Da giugno 2024 le misure di salvaguardia Ue sulle quote di importazione da diversi paesi extra europei sono state prorogate e rafforzate, e stanno aumentando anche le investigazioni su pratiche di concorrenza sleale e dumping. I produttori europei, nel frattempo, si confrontano con costi energetici elevati (ancor di più per gli italiani, rispetto alla media europea), con il rischio pertanto di una forte compressione delle redditività delle imprese, osservano gli analisti.

Un problema che nei prossimi anni potrebbe in prospettiva ridurre i margini di sostenibilità economica dei piani di investimento delle imprese siderurgiche per la decarbonizzazione. Guardando ai numeri più recenti, Federacciai ha rilevato che la produzione italiana di acciaio si è ridotta del 5,4% nei primi sette mesi del 2024, scendendo a 12,5 milioni di tonnellate.
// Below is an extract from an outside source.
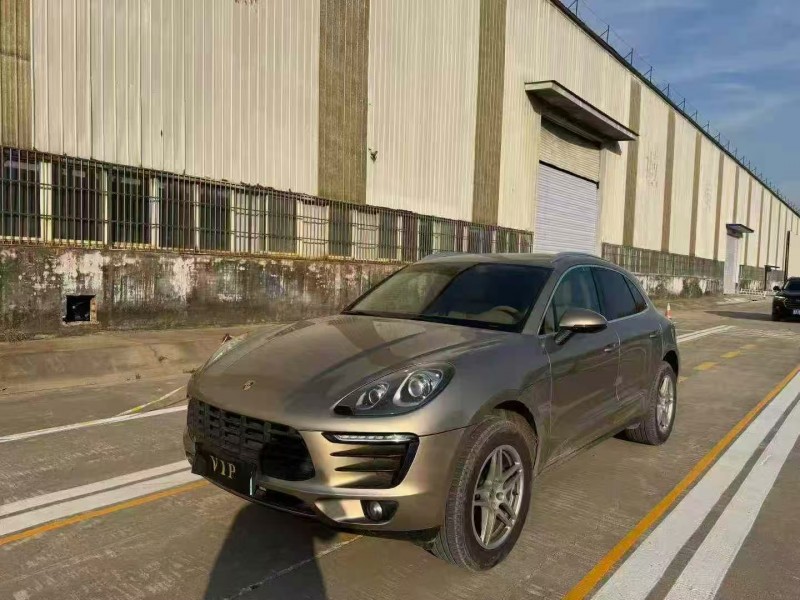 菏泽16年保时捷Macan2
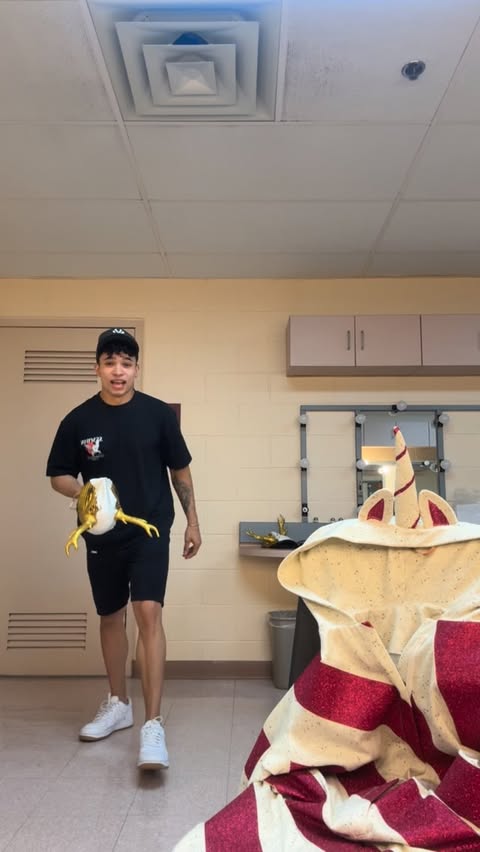 Instagram post by @bielzinx_ for Cirque du Soleil. Caption reads: It’s timeeee for premiere 2.0! 🦌✨
Thankful to be....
Forte contrazione soprattutto per i piani laminati a caldo. Ma il trend di riduzione complessiva dell’output nazionale continua dal 2022, dopo il rimbalzo del 2021. Nel frattempo, nei primi cinque mesi dell’anno (dati Istat) il saldo negativo della bilancia commerciale italiana di settore si è ampliato a 4,7 milioni di tonnellate. Nello stesso periodo il consumo definito «apparente» dagli specialisti (produzione più importazioni meno esportazioni, dato che misura la quantità di acciaio che effettivamente rimane in Italia) si è quindi ridotto del 2,5% rispetto all’anno precedente.
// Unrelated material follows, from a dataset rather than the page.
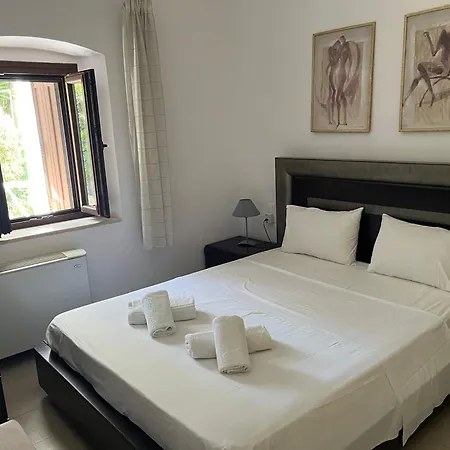 Nikotsaras House Since 1930 Appartement Akharavi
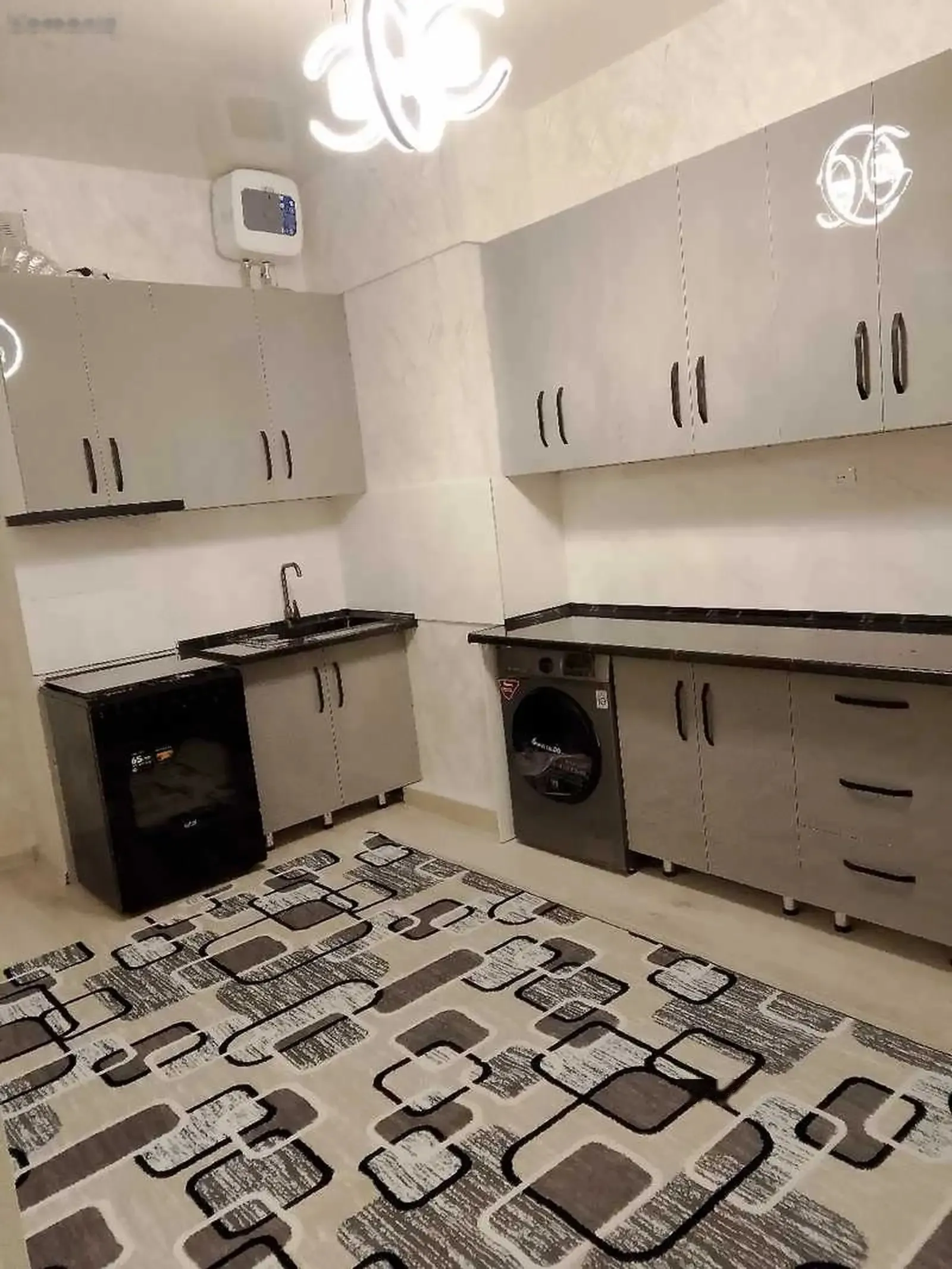 2-комн. квартира, 12 этаж, 75м², автоцентр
Non va meglio in Europa: l’output ha registrato una parziale ripresa (+1,7% tendenziale a gennaio-luglio 2024) ma scende il consumo reale di acciaio (-4,3% nel terzo trimestre). Roberto Re, amministratore delegato di Metinvest Trametal e Ferriera Valsider, che dall’Italia segue il mercato europeo, si aspetta «prezzi sostenuti dai costi, con un recupero che permetta alle aziende europee di non registrare ulteriori perdite. Tuttavia, gli effetti della discesa delle quotazioni delle materie prime non si vedranno prima di dicembre-gennaio, perché le aziende stanno fronteggiando costi energetici altissimi». In particolare, «le lamiere da treno, destinate direttamente al consumo reale, stanno vivendo uno dei propri anni peggiori.
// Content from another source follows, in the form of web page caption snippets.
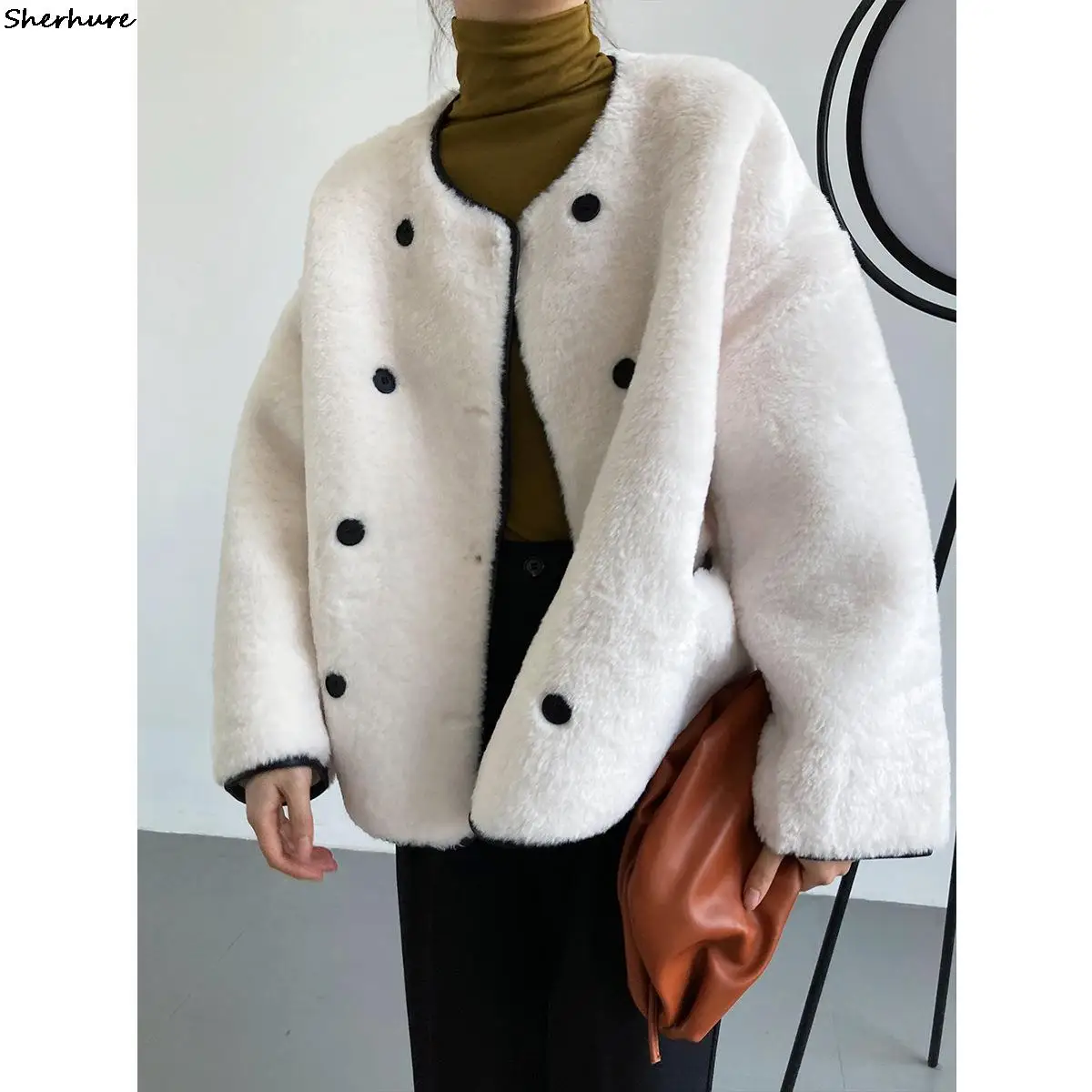 Женская меховая куртка цвета хаки винтажная Меховая с круглым вырезом весна 2022 |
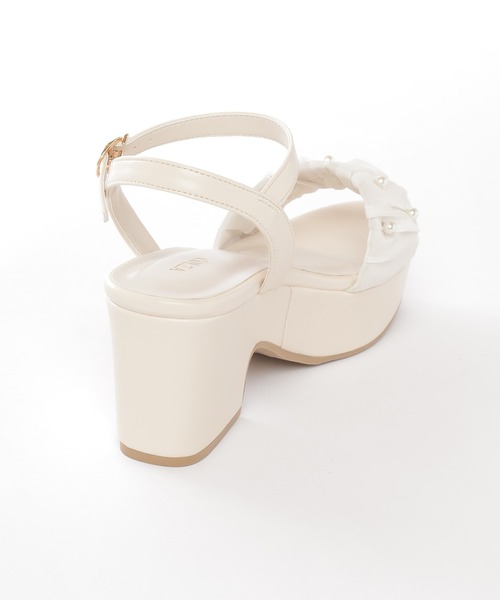 Honeys（ハニーズ）の「パール付ギャザーサンダル（サンダル・レディース・アイボリー/グレイッシュベージュ/ブラック・L/M/S）」の14枚目の写真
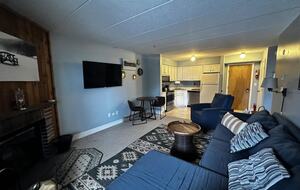 Cozy Ski-Inspired Escape at Mount Snow - West Dover, Vermont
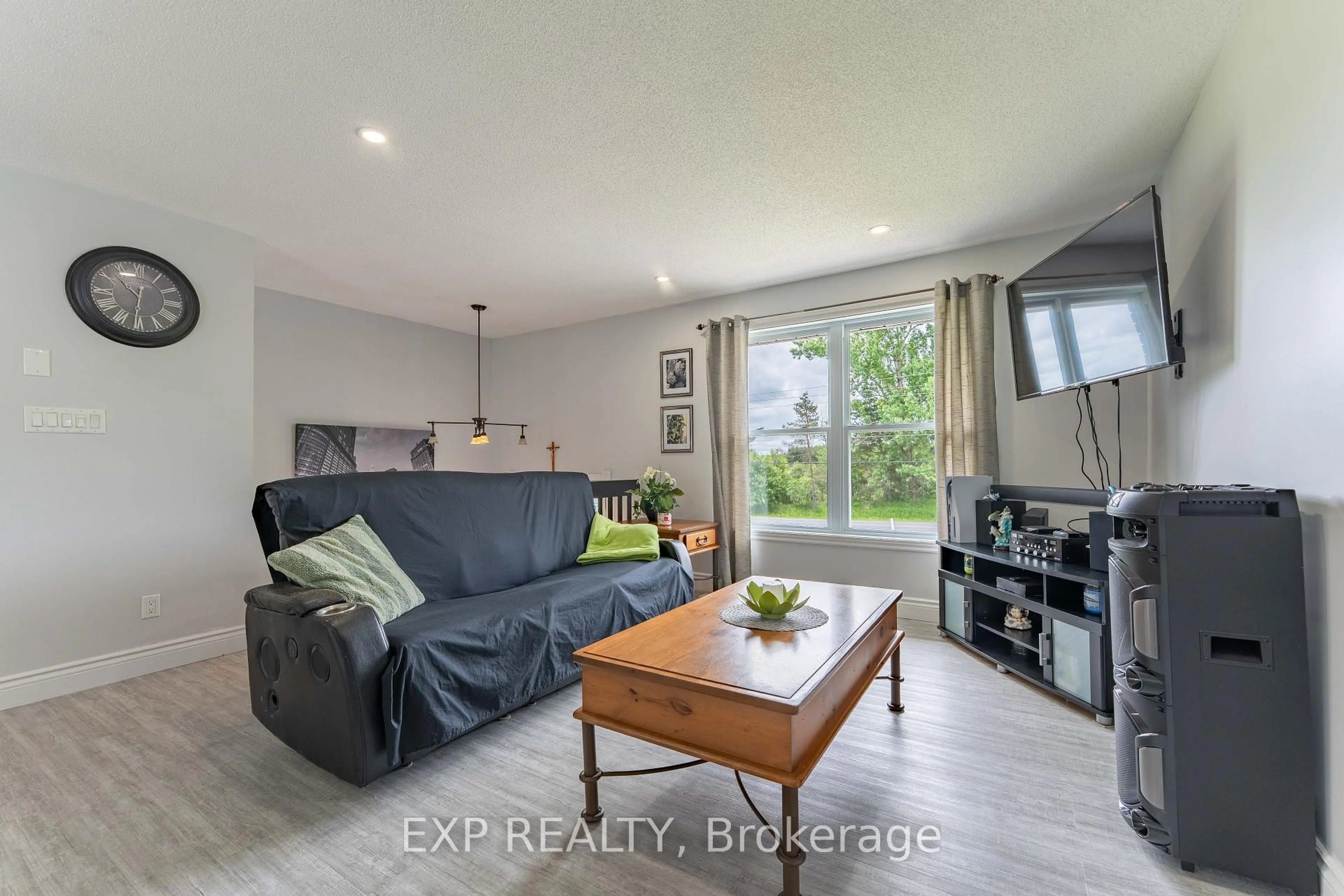 Living room with furniture, unknown for 333 Russell Rd, Clarence-Rockland Ontario K0A 2A0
Di contro, i coils stanno riuscendo ad ammortizzare la caduta dei prezzi nella catena del valore e a strutturarsi in accordo ai consumi». Il forte calo della domanda di lamiere da treno è avvertito anche nei due stabilimenti Marcegaglia di San Giorgio di Nogaro, che servono una clientela industriale molto diversificata in settori che vanno dalla costruzione di ponti e capannoni ai macchinari industriali alle torri delle pale eoliche, principalmente in Italia ed Europa.

«I volumi sono scesi rispetto al 2023 nell’ordine del 10-15% ed è difficile fare previsioni sulla ripresa, si sente molto il rallentamento della Germania mentre l’Italia ha frenato un po’ meno, in ogni caso stiamo ancora lavorando a piena capacità perché gli impianti perdono efficienza se rallenta la produzione», osserva Marco Ferrone, direttore operativo di Marcegaglia Plates e Marcegaglia Palini e Bertoli. «A causa del conflitto russo-ucraino abbiamo dovuto diversificare nel mondo l’acquisto delle bramme d’acciaio. Pertanto, l’allungamento delle catene di fornitura delle materie prime e il prezzo dell’energia che rimane alto incidono molto sui costi d’esercizio a fronte di prezzi di vendita fermi o in discesa». L’elettricità in particolare impatta molto sulla siderurgia italiana, che utilizza forni elettrici per oltre l’80% della produzione. A tal propositodi recente ha fatto notizia lo spegnimento temporaneo da parte di Arvedi Acciai Speciali di uno dei due forni dello stabilimento di Terni a causa degli elevati costi. A luglio 2024, per esempio, in Italia il Pun (prezzo unico nazionale) che si determina sul mercato libero è stato di 112,32 euro al MWh, il 66% più alto che in Germania e quasi due volte e mezzo quello della Francia. Sicuramente un forte svantaggio competitivo rispetto ai principali paesi concorrenti europei ed extra europei.